======== EXTRACTED RECORDS
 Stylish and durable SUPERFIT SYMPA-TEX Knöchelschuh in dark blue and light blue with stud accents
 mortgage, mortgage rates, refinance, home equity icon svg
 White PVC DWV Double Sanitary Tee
================
======== EXTRACTED RECORDS
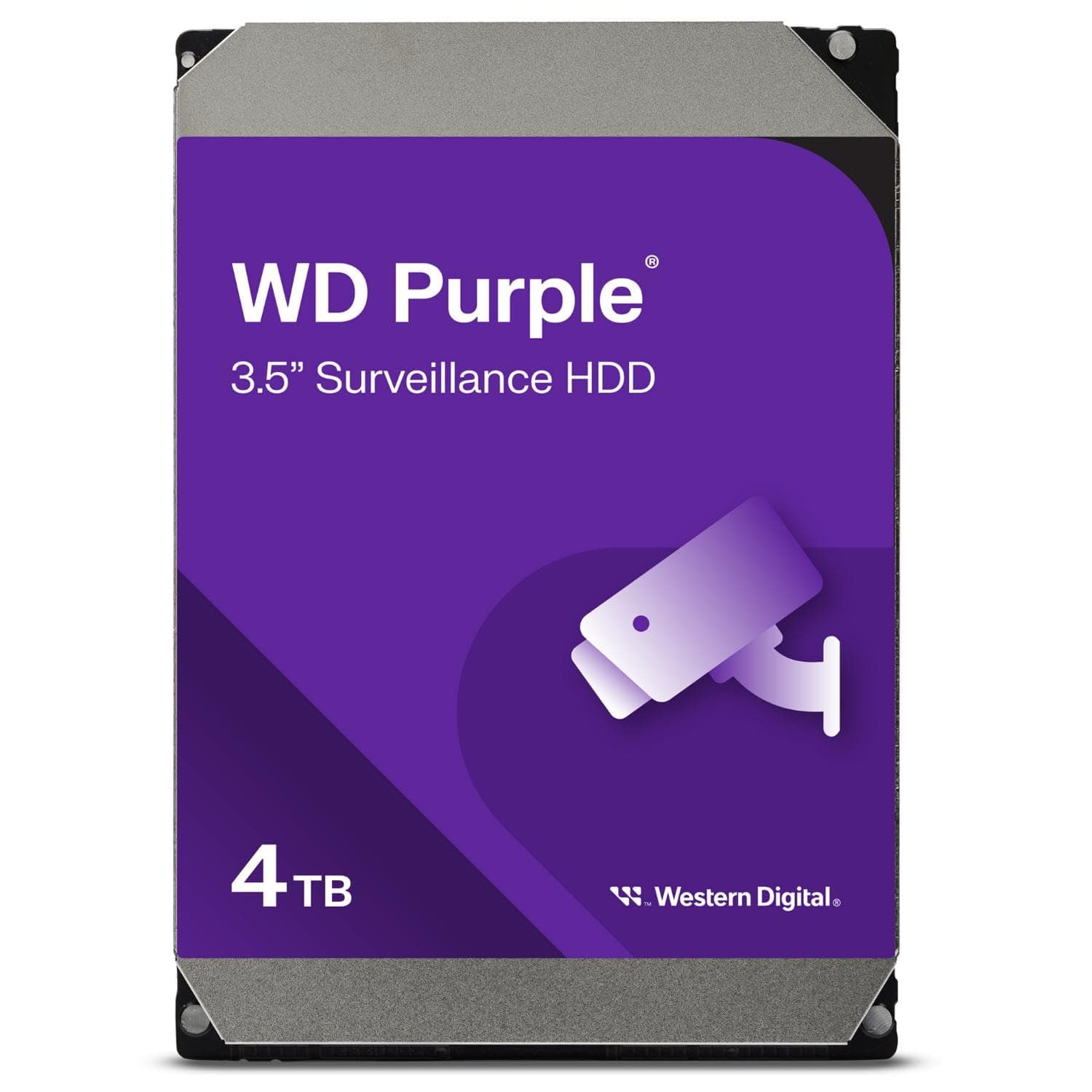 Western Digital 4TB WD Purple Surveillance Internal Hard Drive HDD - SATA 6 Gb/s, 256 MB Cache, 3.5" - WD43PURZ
================
→ **TASK OBJECTIVE**
Please copy, exactly as written, every line in the listing above from the line with "Stylish and durable" up to and including the line with "White PVC DWV Double Sanitary Tee".

→ **RESPONSE AREA**
 Stylish and durable SUPERFIT SYMPA-TEX Knöchelschuh in dark blue and light blue with stud accents
 mortgage, mortgage rates, refinance, home equity icon svg
 White PVC DWV Double Sanitary Tee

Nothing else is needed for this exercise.